Erick and I were on our way to South Carolina. For a vacation of sorts.
We were planning on spending some time in Charleston and then heading to what we like to think of as our second home in Columbia, SC.
Almost two years ago now we set off on what was probably the craziest thing we have ever done as a married couple.
Or it sure felt crazy at the time.
We packed up our apartment and kitty and moved to Columbia to attend a Bible college.
In a lot of ways to just actively seek God's will.
We wanted to be flexible.
We only ended up living there for about 6 months.
And there were a lot of hard moments in those 6 months.
A lot of tears and homesickness.
But there was something else in all that as well.
Something that I had experienced many times before in my young life but never on such a deep level.
The faithfulness of God.
There was something about walking into that little Chik-fil-A that brought a surge-- a complete rush of memories and emotions to my mind.
It felt like I was coming home. Even though home was technically 800 miles away.
It felt comforting. It reminded me of the deep faithfulness of God that Erick and I experienced during those 6 months.
And so my eyes became misty as I dunked waffle fries in Chick-fil-A sauce.
I wrote a lot of our experiences down in a journal during that time.
I did not want to forget.
As I so often do forget the amazing acts of God on my behalf.
And I knew that someday I would need to remember.
I would need to be reminded that He has not ever left me. And He is always near.
You see, I cannot remember ever praying as hard as I did during the time leading up to our move and all through it.
In some ways those simple prayers of faith were basically me declaring that I knew God had called us to go.
I didn't understand it.
But, I knew He was leading us regardless.
He would have to be our provision and make a way. Because we were about to attempt the impossible in the world's eyes.
Erick was quitting a job he had for five years in a bad economy.

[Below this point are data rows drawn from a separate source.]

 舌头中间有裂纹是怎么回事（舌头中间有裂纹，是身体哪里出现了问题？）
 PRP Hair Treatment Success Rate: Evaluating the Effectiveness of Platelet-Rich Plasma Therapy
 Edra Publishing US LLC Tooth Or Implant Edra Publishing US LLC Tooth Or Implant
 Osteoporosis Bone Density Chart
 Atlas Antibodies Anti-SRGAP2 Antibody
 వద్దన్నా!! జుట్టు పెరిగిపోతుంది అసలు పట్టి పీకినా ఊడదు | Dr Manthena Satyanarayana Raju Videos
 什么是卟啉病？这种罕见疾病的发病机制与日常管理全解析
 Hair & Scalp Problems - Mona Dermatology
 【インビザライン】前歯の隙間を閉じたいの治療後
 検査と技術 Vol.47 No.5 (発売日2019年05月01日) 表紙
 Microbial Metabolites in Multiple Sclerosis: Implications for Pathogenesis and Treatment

We needed to find a place to live in a 3 day trip. We had no jobs lined up. And both of us were going to attempt attending college again.

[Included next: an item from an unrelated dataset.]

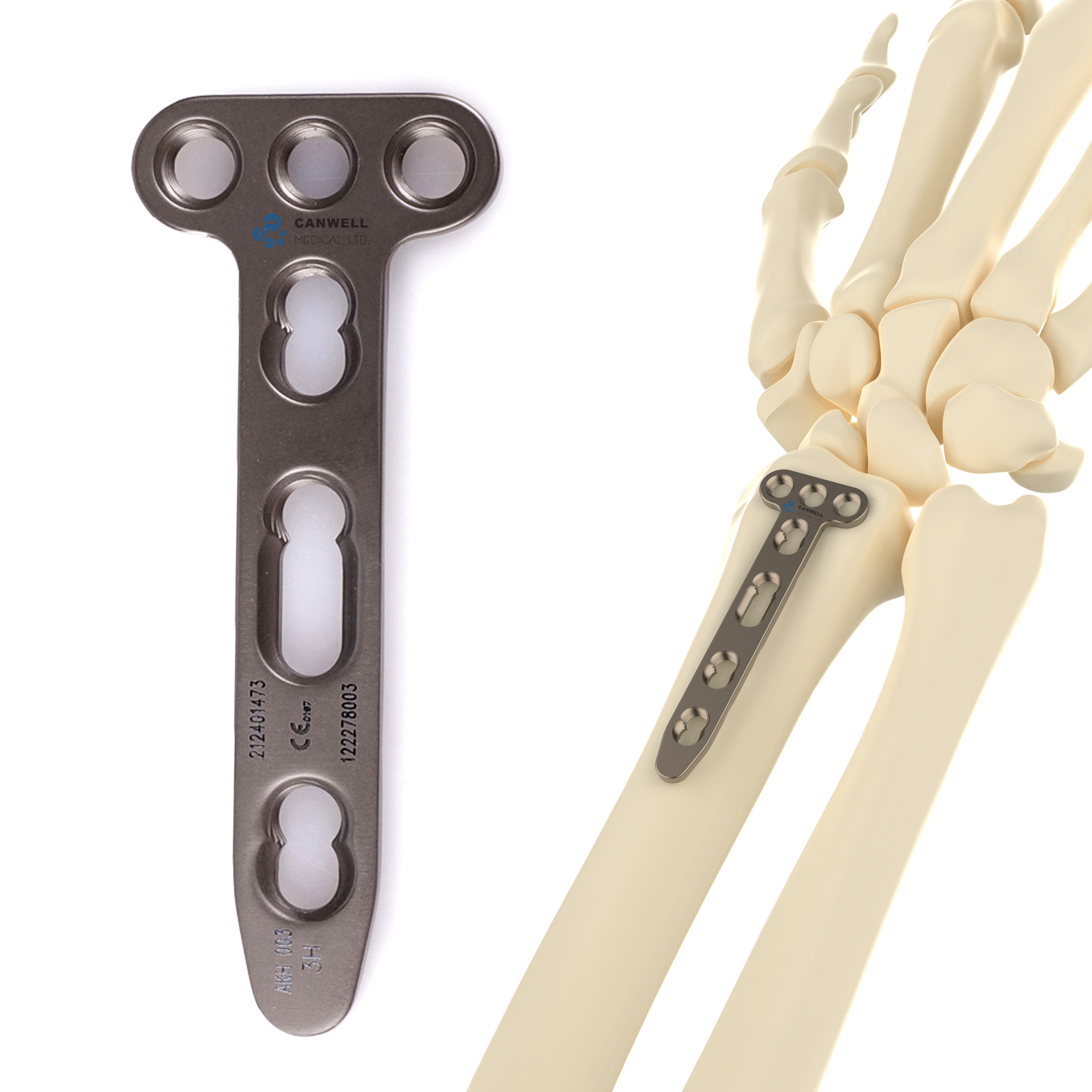 CANWELL Distal Radius TItanium Locking Plate Volar Wrist Orthopedic Trauma Implant Bone Fracture Suppliers Manufacturer CE ISO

Friends, I cannot recall how many times God blew doors open. Every need was meant for us to get down there. Every single one.

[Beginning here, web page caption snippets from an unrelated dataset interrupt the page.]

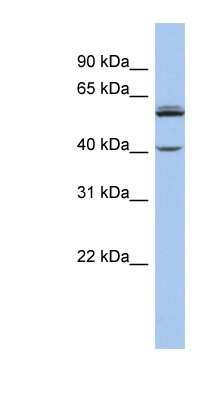 Western Blot: CYP4V2 Antibody [NBP1-60084]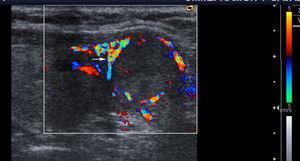 Ecografia tiroidea con Doppler color, corte transversal. Se muestra un nódulo tiroideo con patrón vascular tipo II, con vasos periféricos (flecha), en el contexto de hiperplasia nodular tiroidea.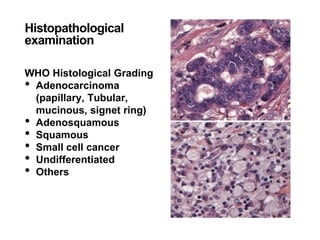 Histopathological
examination
WHO Histological Grading
• Adenocarcinoma
(papillary, Tubular,
mucinous, signet ring)
• Adenosquamous
• Squamous
• Small cell cancer
• Undifferentiated
• Others
 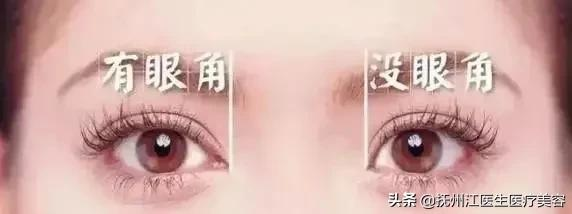 開眼角手術適合什麼樣的人群呢?丨科普篇 開眼角手術適合什麼樣的人群呢?丨科普篇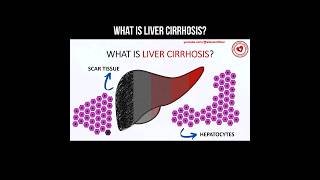 What is liver cirrhosis liver cirrhosis livercirrhosis hepatology [upl. by Rhoads]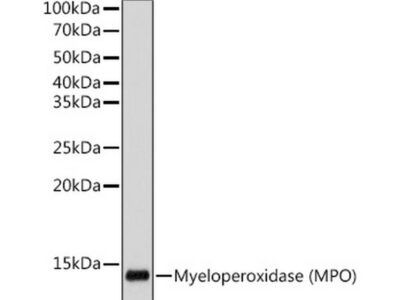 Myeloperoxidase (MPO) Rabbit mAb (A12109)
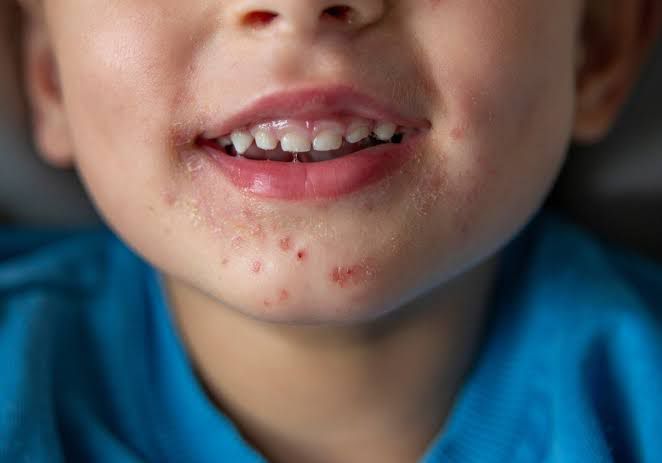 Atienden casos de virus “manos, pies y boca” en escuelas de Saltillo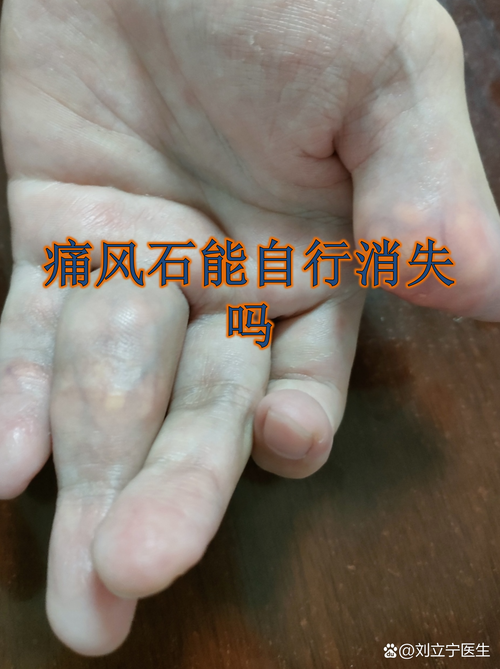 痛风结节能自行消除吗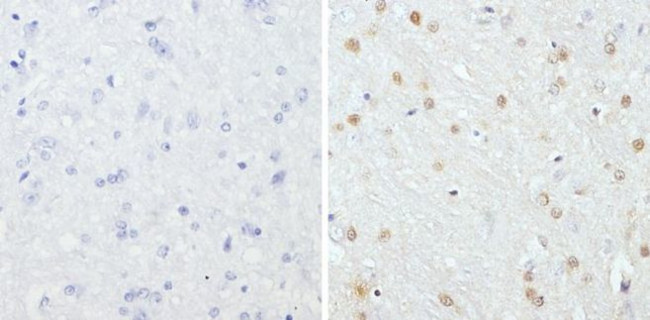 GATA3 Antibody in Immunohistochemistry (Paraffin) (IHC (P))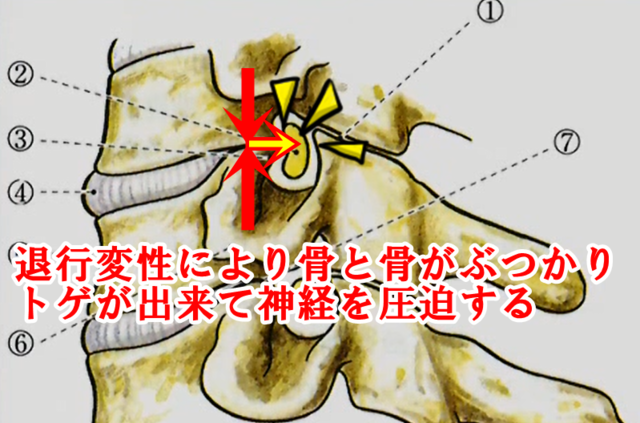 ルシュカ関節が退行変性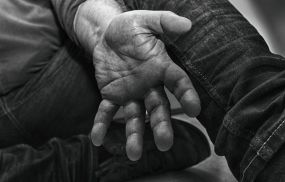 Understanding why hand tremors happen: from anxiety-induced shaking hands causes to essential tremor symptoms. Learn triggers, differences from Parkinson's, and when to seek help.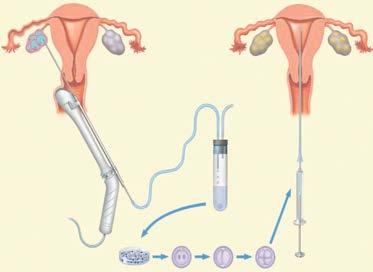 stimulatie Eicelmaturatie Eicelaspiratie In vitro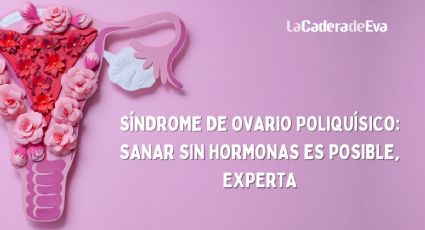 Síndrome de ovario poliquístico: tratamiento sin hormonas es posible, experta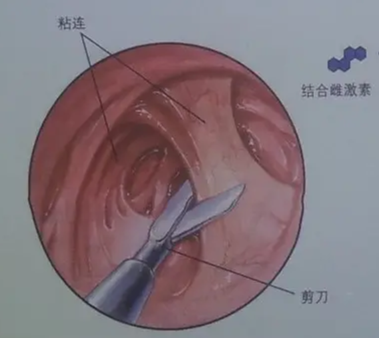 宫腔粘连的症状有哪些，如何治疗？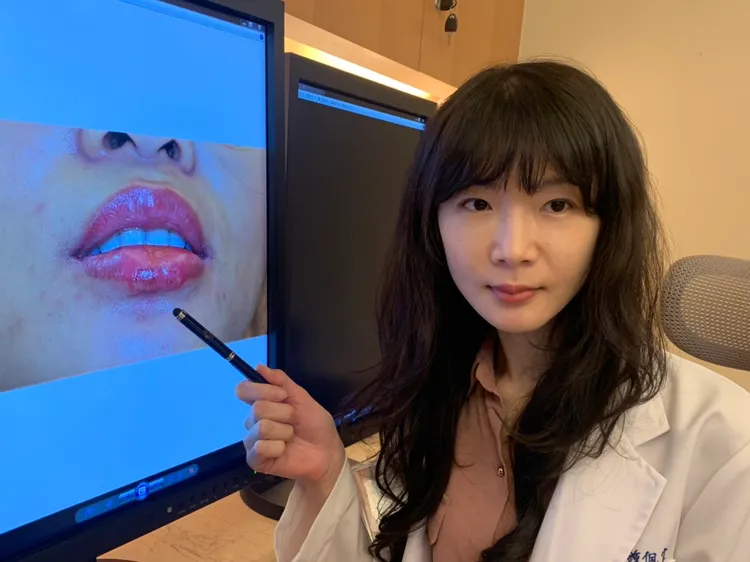 茂盛醫院皮膚科主任鍾佩宜最近收治一名因紋唇導致感染泡疹病毒的個案。曾雪蒨攝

There were times that the rent was due and we didn't have enough.
And right at the last minute we would receive a random check in the mail.
Or we needed groceries and somehow God provided them.
A package would come in the mail.
Suddenly we would receive an encouraging note with Scripture.
It was supernatural provision. It was our faithful God.
You see, I am convinced of something.
If God has led us to do something and we are obedient to that.
Regardless if we have all the answers.
Regardless if we understand the logistics.
I believe He will work it to completion.
He will meet us there in our weakness and lead us through.
He will be faithful when we are faithless.
He will hear our broken prayers in the night.
He will make a way.
And someday in the future, possibly over waffle fries, we will be able to look back and say:
"Remember when God did that?""Remember?"